また、上記組付ガイド部及び上記被組付ガイド部を左右両側に設けたことにより、上記フロントコンソールモジュールの組み付け作業を安定して行うことができる。
【0016】
また、上記センタークラスターロアブラケットには、上記一対の脚部の側面からそれぞれ突出して形成された当接片部を有する上記一対の被組付ガイド部が設けてあり、上記フロア側ブラケットには、その左右両端部からそれぞれ上方に突出して形成された上記一対の組付ガイド部が設けてあり、上記フロントコンソールモジュールを組み付ける際には、上記被組付ガイド部の上記当接片部を上記組付ガイド部の上面に当接させることが好ましい(請求項3)。
この場合には、上記被組付ガイド部を上記組付ガイド部に当接させること、また該組付ガイド部に沿って移動させることが容易となる。

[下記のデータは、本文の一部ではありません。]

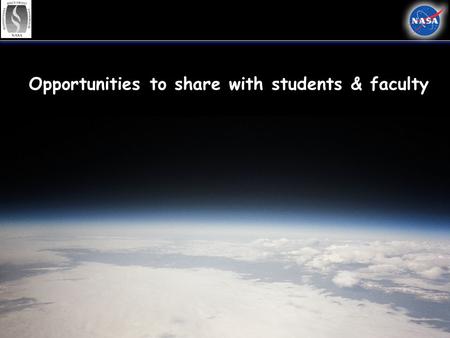 Opportunities to share with students & faculty.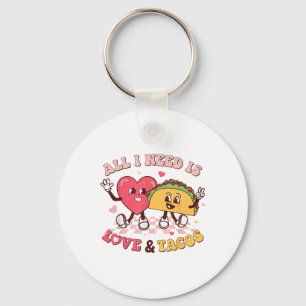 All I Need Is Love And Tacos Funny Valentines Day  Key Ring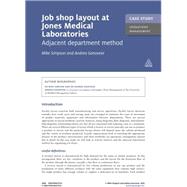 Case Study: Job Shop Layout at Jones Medical Laboratories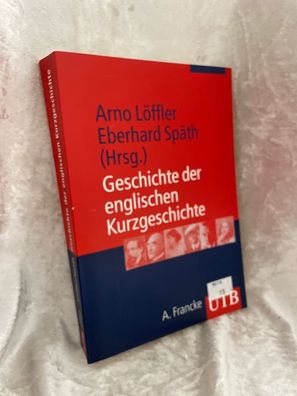 Geschichte der englischen Kurzgeschichte (Uni-Taschenbécher M)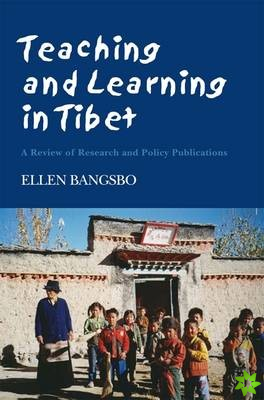 Teaching and Learning in Tibet
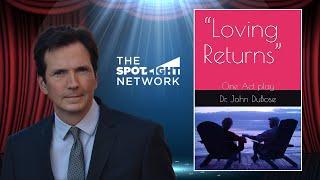 The Spotlight Network on “Loving Returns”: One Act Play by Dr. John DuBose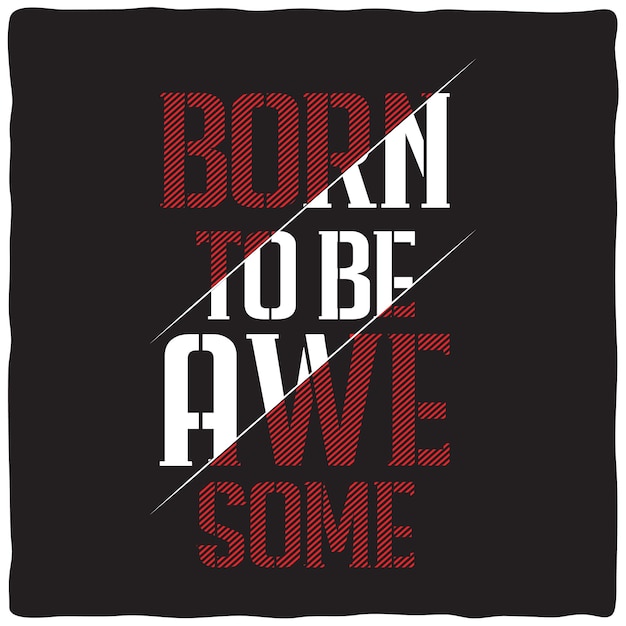 Vettore vettore gratis born to be lettering tshirt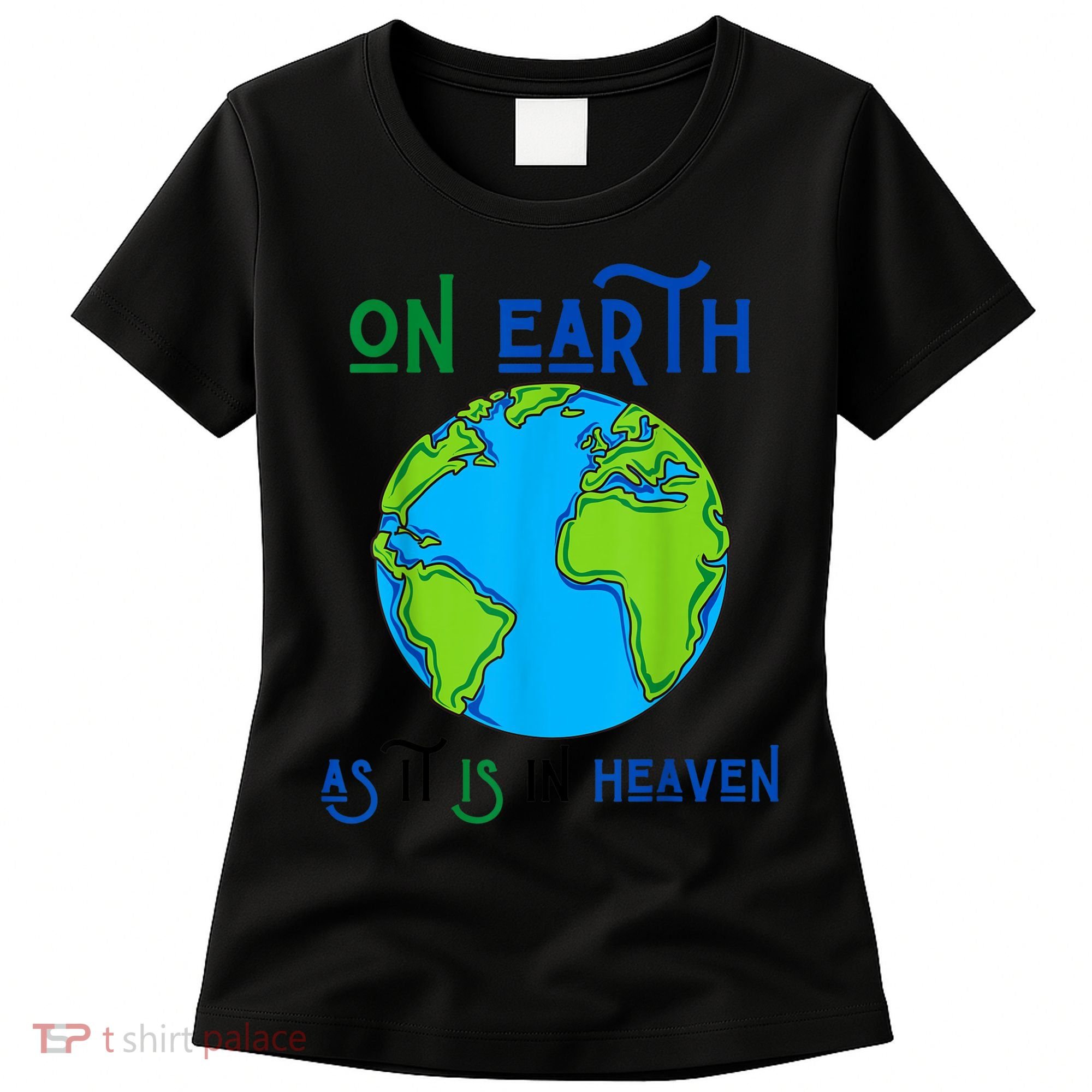Earth Day On Earth As It Is In Heaven God Planet Love World Women's T-Shirt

これにより、上記フロントコンソールモジュールの組み付け作業性を向上させることができる。
【0017】
また、上記フロントコンソールモジュールの上記センタークラスターアッパーブラケットと上記インストルメントパネルの上記本体部とが上記固定位置において固定された状態においては、上記センタークラスターロアブラケットが上記フロア側ブラケットとの固定位置にあることが好ましい(請求項4)。

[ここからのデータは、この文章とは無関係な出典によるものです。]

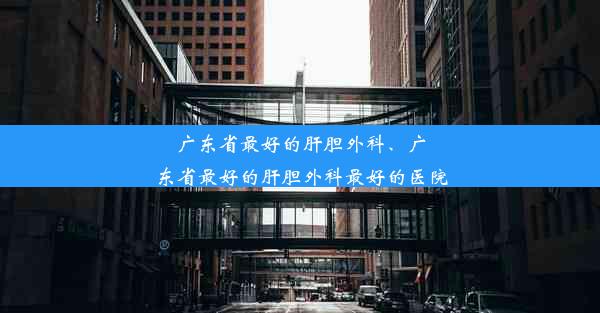 广东省最好的肝胆外科、广东省最好的肝胆外科最好的医院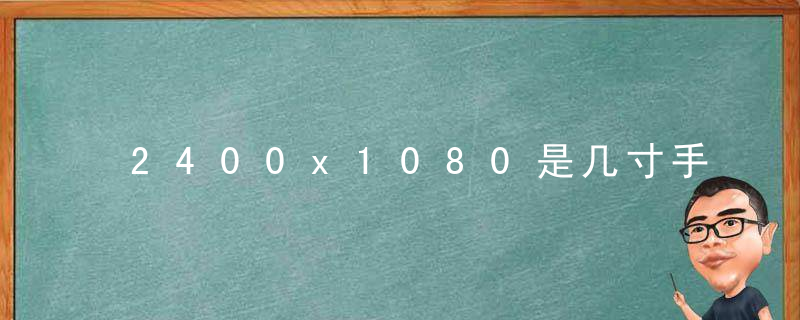 2400x1080是几寸手机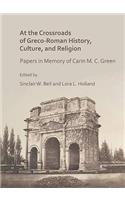 At the Crossroads of Greco-Roman History, Culture, and Religion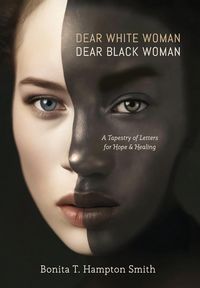 Produktbild: Dear White Woman, Dear Black Woman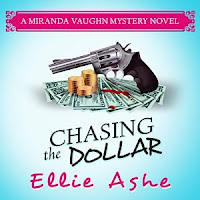 Chasing the Dollar  Audiobook by Ellie Ashe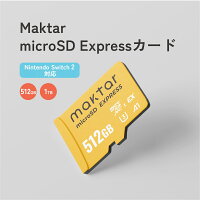 《今なら15％OFFクーポン対応！》Maktar公式 microSD Expressカード 512GB 1TB【 Nintendo Switch2対応 】4K/8K対応 読み取り速度/書き込み速度最大800/600MB/秒 U3 V30 A2 2年保証[M便 1/10]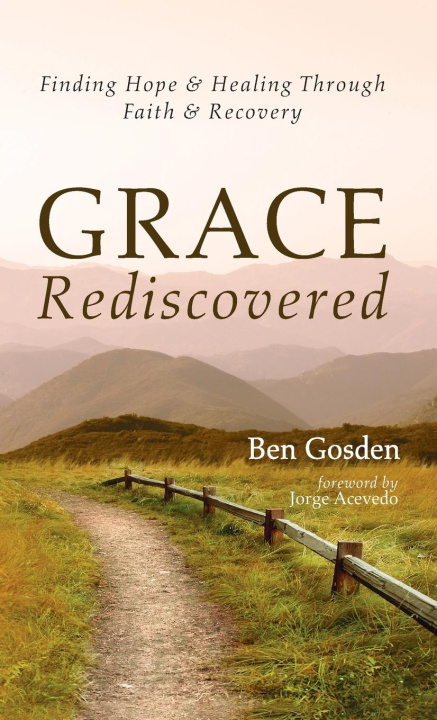 Book Grace Rediscovered Ben Gosden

この場合には、上記フロア側ブラケットに固定される上記センタークラスターロアブラケットの位置決めを容易に行うことができる。これにより、上記フロントコンソールモジュールの組み付け作業をさらに容易なものとすることができ、組み付け作業性の向上をより一層図ることができる。
【0018】
また、上記フロントコンソールモジュールの上記センタークラスターアッパーブラケットと上記インストルメントパネルの上記本体部とが上記固定位置において固定された状態においては、上記センタークラスターロアブラケットの上記被組付ガイド部と上記フロア側ブラケットの上記組付ガイド部とが非当接状態であることが好ましい(請求項5)。
この場合には、上記被組付ガイド部と上記組付ガイド部とは、上記フロントコンソールモジュールの組み付け時のみ当接状態であり、組み付け後は非当接状態である。そのため、組み付け後において、上記被組付ガイド部と上記組付ガイド部との接触による異音の発生を防ぐことができる。
【0019】
また、上記フロントコンソールモジュールの上記センタークラスターアッパーブラケットと上記インストルメントパネルの上記本体部とが上記固定位置において固定された状態においては、上記センタークラスターロアパネルに設けた係合爪部が上記インストルメントパネルの上記本体部に設けた係合孔部に対して前後方向に挿入されて係合していることが好ましい(請求項6)。
この場合には、上記インストルメントパネルに対して上記フロントコンソールモジュールの上記センタークラスターアッパーブラケットの位置決めを容易に行うことができると共に、上記センタークラスターロアパネルを上記インストルメントパネルに強固に固定することができる。
【0020】
また、上記係合孔部の開口部周辺には、上記係合爪部を当接させて上記開口部へ案内する係合ガイド部を設けてもよい。また、さらに、上記係合爪部には、上記係合ガイド部に当接して上記係合孔部の上記開口部に案内される被係合ガイド部を設けてもよい。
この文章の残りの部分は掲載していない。